Ma l’impari forza che
produce reazioni di facciata e blocca il nemico maggiormente temuto, l’Iran
khomeinista, è tutta interna a una Repubblica Islamica dove il khomeinismo è in
difficoltà. Sia per i tempi mutati, perché la gioventù combattente, clericale o
meno, non è quella che s’immolava sul confine iracheno contro Saddam. Le guerre
di trincea non tramontano, ma sono logoranti e per combatterle c’è bisogno di
chi mette in conto di potersi sacrificare. Una tipologia di soldati che non
esiste quasi più, ovunque, superati dall’iper professionalità ancora una volta
tecnologica o dalla professione a pagamento, che dura finché dura. Forse
neppure Israele di queste ore, gasato dai successi, sceglierebbe d’infilarsi
nello scontro di terra, neppure in Libano, figurarsi in Iran. Nella minuscola
Striscia quest’opzione non ha prodotto gli effetti rapidi e sperati. Mentre i
reparti d’élite iraniani dedicherebbero la vita a difesa della nazione, ma
ancor più del proprio status ed è questo l’altro buco in cui s’insinua da tempo
il baco dei servizi israeliani. Entrando nelle crepe del vecchiume del regime
degli ayatollah, rappresentato non solo da Ali Khamenei malandato ma tuttora vivente
e al comando, ma da quel clero rigidamente schierato col passato khomeinista.

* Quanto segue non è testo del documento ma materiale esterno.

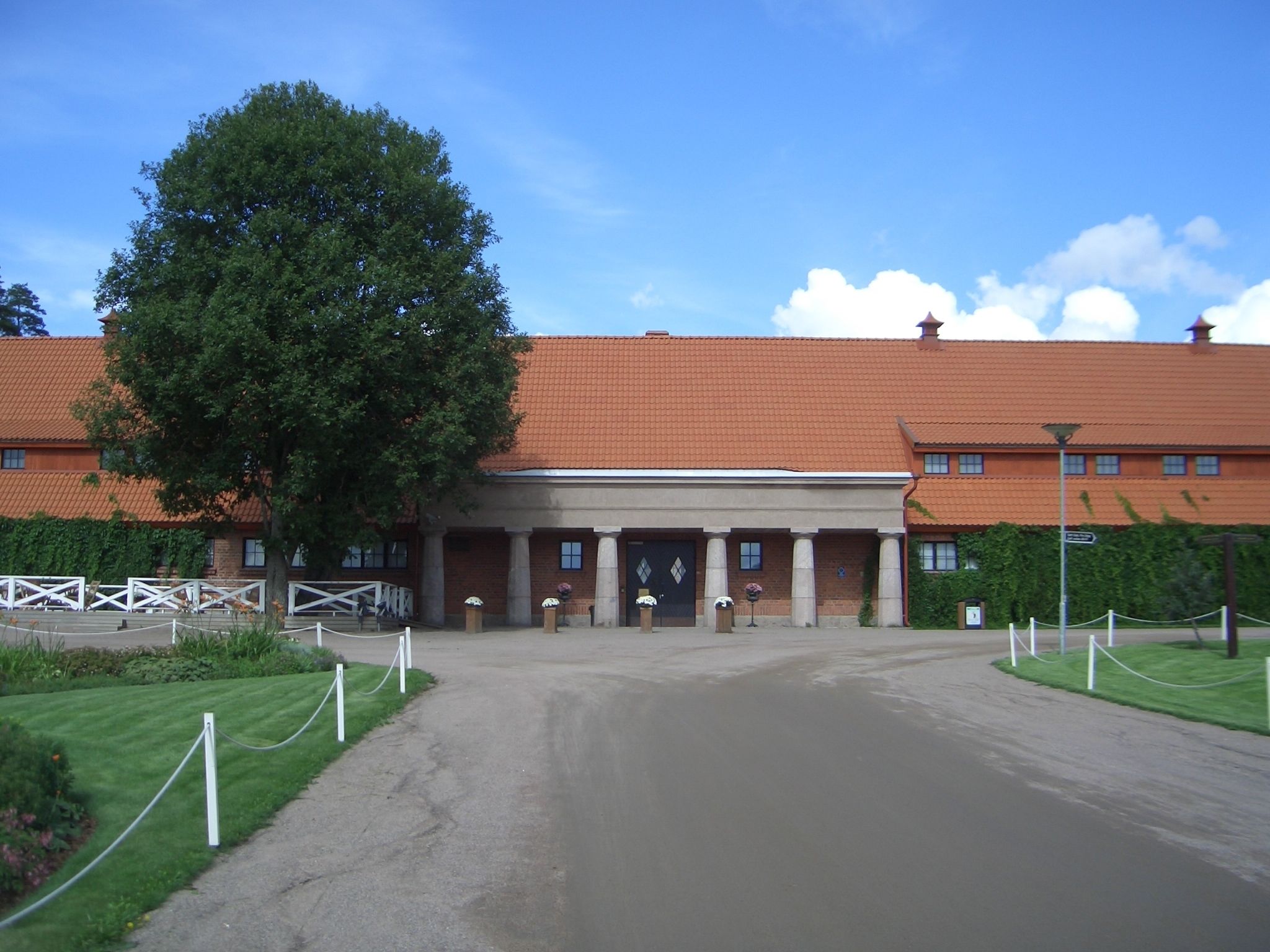 En bygning med røde tegltag, et stort træ foran og en belagt indgang.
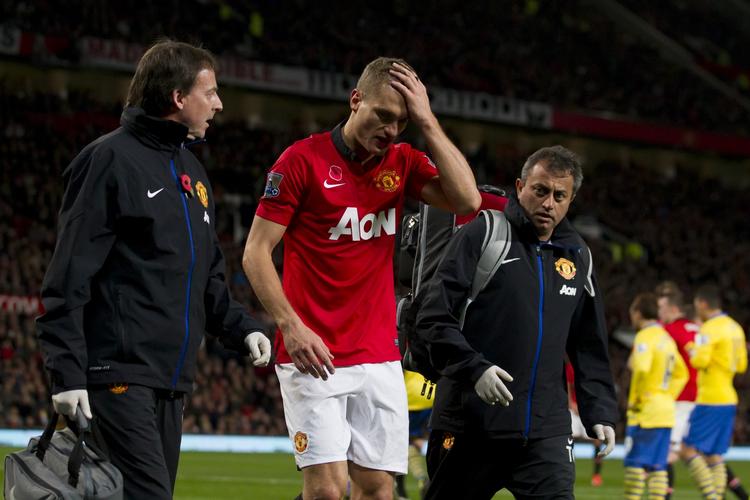 kriger. Nemanja Vidic (midt) er kendt for at give alt i kampene for Manchester United. 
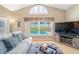 Bright living room featuring a view of the refreshing pool area and a comfortable seating arrangement at 115 Henue Ct, Davenport, FL 33896
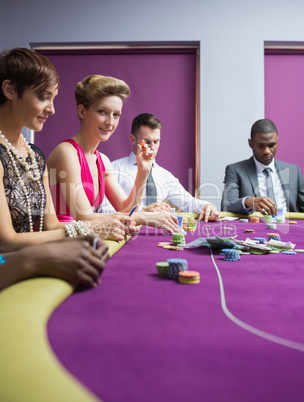 Woman smiling and looking up from poker game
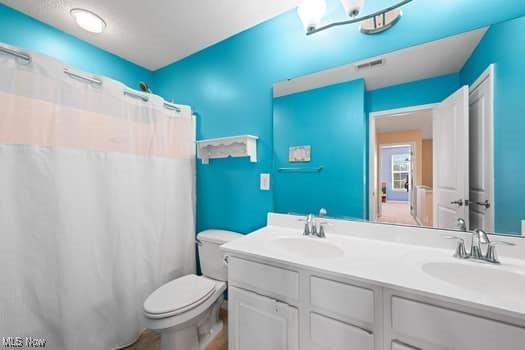 1932 Pinewood Ln, Painesville, OH 44077 - full bathroom with double vanity and a shower with shower curtain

Che risultò scaltro e vincente ai tempi delle ideologie, battendo il marxismo
ingessato del partito Tudeh e quello
pseudorivoluzionario dei Mujaheddin del
popolo, ma che ha chiuso i rapporti con la sua gente. Non ha più parlato ai
giovani, anziché motivarli li ha repressi, tiene all’angolo le donne, ha paura di
ogni novità. E poi reprime, impaurisce, uccide. Sono i limiti d’un sistema
asfittico che avvicina nemici vecchi (ex monarchici, mujaheddin) e nuovi, in
cui può trovare appoggi chi vuol combattere Guida Suprema e Pasdaran. Non da oggi riformisti e
conservatori nella politica interna si fronteggiano, si scontrano, patteggiano.
Da decenni il durissimo embargo e la crisi economica creano spaccature ma anche
singulti d’orgoglio a difesa della nazione. Eppure la compattezza sembra
vacillare fra gli stessi Guardiani della
Rivoluzione che hanno subìto l’assassinio di Haniyeh in casa propria e una
sequenza di agguati eccellenti (agli ingegneri del nucleare) fin dentro
Teheran. Il sospetto è un’ombra che s’allunga su un Paese tutt’altro che granitico,
tanto da dover rivalutare le mosse dell’asse resistente opposto da quasi un
cinquantennio “all’entità sionista” e all’islam compromesso che dimentica Quds.